Jesus then extends three surprising gifts to those who believe.

First, Jesus gives peace.  He imparts it, he does not just wish it — “Peace to you.”  Not “May peace be with you,” but Peace to you: my peace. Not as the world gives, but peace as I give it and no one can take away.

Secondly, he shows the disciples his wounds — they see and believe.  It’s a surprise, although we have grown so used to it we don’t realize that at first.  For this is the only reference in the New Testament to the nails with which Jesus was crucified and the wound made by the soldier’s spear (John 19:34).  And when they believe it is truly him, Jesus commands his disciples to continue his mission, the work he was given by the Father.  And the gift he now gives is his own Spirit, which he breathes on them.

But there is more to come: the third gift.  With the Holy Spirit comes the power, the authority, the charge to forgive sins — which was the work that Jesus came to do.  Forgiveness is the sign of the Spirit of Jesus at work in the community. It is what God’s mercy – and ours – is all about. Where forgiveness is found, we can be sure the Spirit of Christ is present.  Where it is missing, that Spirit has fled.

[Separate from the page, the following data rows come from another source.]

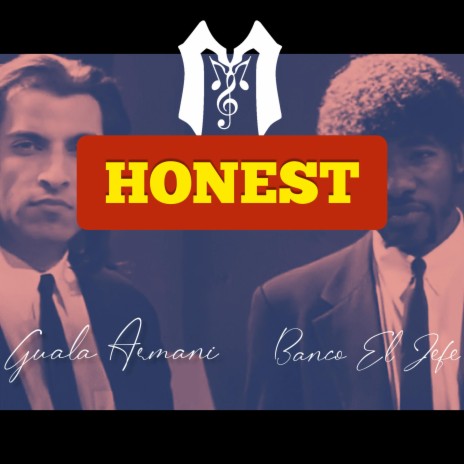 Honest ft. Banco El Jefe | Boomplay Music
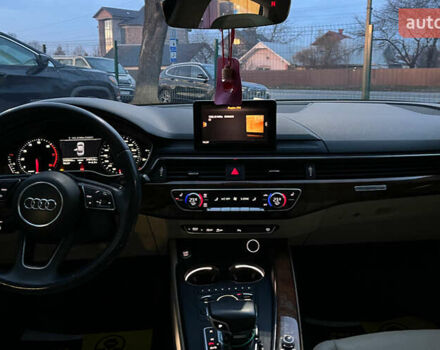 Синий Ауди А4, объемом двигателя 1.98 л и пробегом 241 тыс. км за 15900 $, фото 10 на Automoto.ua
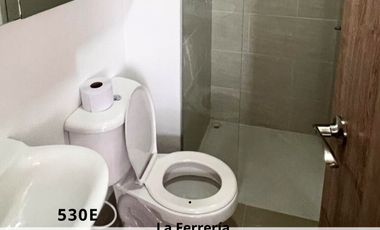 Precio de oportunidad, Vendo iluminado y acogedor apartamento en La  Ferrería., La Estrella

Thanks to John’s Gospel, St. Thomas the Doubtful Apostle is perhaps more than anyone else the patron saint of those called to faith today.  Like Thomas we are tempted by the lure of signs and wonders, and would like to withhold faith until we have seen, touched, weighed and tasted, and if at all possible put it on our credit card.

But true and lasting Faith comes through hearing the word of God with a heart open to good news.  It may need to be a heart bruised and even crushed by the world’s cares and assaults, but it is a heart in which compassion, forgiveness, and kindness dwell and where the peace that only Christ can give has found its truest home.  It is the heart of mercy.